Failure Does NOT Yield Success

I have long heard the strong correlation between how often people must recover from failure before they achieve success. Our language is littered with adages and proverbs to convey the relationship between the two. It always seemed like failure somehow yielded success, but I could never understood how.

What links the two? It had never consciously occurred to me what makes failure so important to success. Until yesterday, that is. Now, I can boldly say that failure does NOT yield success.

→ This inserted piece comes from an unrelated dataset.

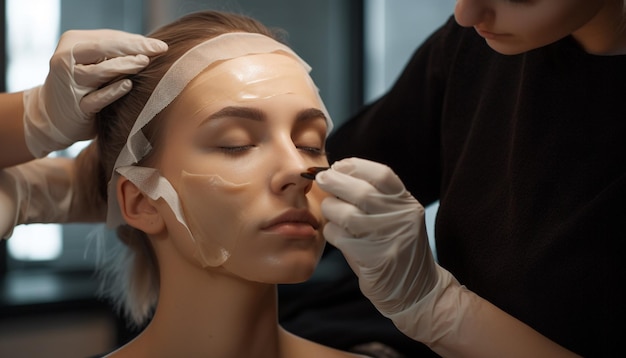 Young women applying facial mask for pampering generated by AI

First, let’s acknowledge the link between the two topics as referenced in common culture:

  • If at first you don’t succeed, try, try again.
  • Winners never quit, and quitters never win.
  • If you want to succeed, double your failure rate.
    — Thomas J. Watson, President of IBM
  • Success is stumbling from failure to failure with no loss of enthusiasm.
    — Winston Churchill, British Prime Minister

I get it; they’re strongly linked. But being a big failure doesn’t make one a success. Many people have failed numerous times, only to end up even further away from success. And likewise, many people have become successful without enduring significant failures. (Predictably, there aren’t many famous people in either of these groups!)

What is the link, then? Yesterday, I found a quote which solidified the concept clearly.

Failure is the fertilizer that grows character. And character sustains success so it doesn’t backfire.
— Mark Batterson, from the book All In

BINGO!

Failure leads to character, and character leads to success.

But not just failure — our response to failure. Let me say that again. Our response to failure builds character. There is just no other way to get it!

Similarly, success is unsustainable without a foundation of character to continually renew and reinforce it. One more time. Without character, success fades quickly.

(This may explain why both failures and short-lived successes aren’t well known — they don’t have any character.)

It makes so much sense to me why failure is important now.

Every failure is an opportunity to choose a positive response. Every positive response slowly builds up character. And character, when applied, multiplies and maintains success.


How do you respond to failure? Are your responses building your character?